Ouro e dólar
Faz tempo que advertimos: manter— se atado ao "sistema financeiro
internacional" custará caro a todos os povos, e tanto mais caro quanto
maior, em cada país, seu entrosamento com esse "sistema" e quanto mais
tempo isso dure.
No artigo Derivatives Collapse and the China Gold and Silver Markets — publicado por Global Research, 10.09.2009
– Bob Chapman mostra que o império anglo— norte— americano amarrou
dentro de estreita armadilha os países detentores de créditos em
dólares, exercendo sobre eles pressão político— militar e/ou enganando
e cooptando seus dirigentes políticos.
Entre outros,
chineses, japoneses, alemães e árabes. A China, um dos poucos países
com poder para retaliar e exigir compensações, foi induzida a não só
acumular dólares em quantidade estarrecedora, mas também a fazer
apostas erradas nos mercados financeiros, adquirindo títulos — com a
obrigação de, no futuro, entregar ouro e prata — derivados de contratos
detidos por bancos estrangeiros.
Dada a tendência, cada vez mais clara, à valorização dos metais
preciosos, os logrados que ficaram com esses derivativos sofrerão
enormes prejuízos, pois, para entregar esses metais, terão de comprá—
los a preços mais elevados. Esses contratos, chamados forward, são, na maioria, negociados fora das Bolsas e exigem o cumprimento da obrigação ao final do prazo estabelecido.

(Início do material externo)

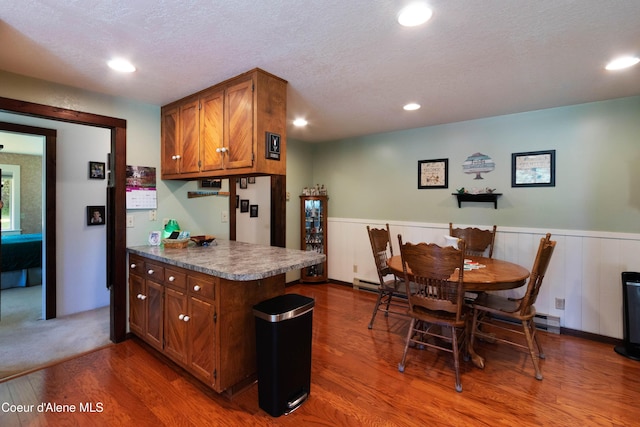 249 Gun Club Rd, Sagle, ID 83860 - kitchen featuring wood finished floors, wainscoting, brown cabinets, a textured ceiling, and recessed lighting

Como outros, os chineses demoraram a perceber a dimensão da enrascada
em que caíram ao comprar títulos denominados em dólares. Eles vêm, nos
últimos meses, procurando vendê— los e comprar ouro e metais preciosos.
Além disso, o governo da China está aconselhando seus cidadãos a fazer
o mesmo. Ademais, proibiu as exportações de prata.
Ainda mais preocupante para os concentradores anglo— americanos,
controladores das finanças mundiais: diante da escalada nos preços dos
metais preciosos, o governo chinês fez saber que cogita renegar
contratos forward, por força dos quais teria de entregar quantidades volumosas de ouro e prata.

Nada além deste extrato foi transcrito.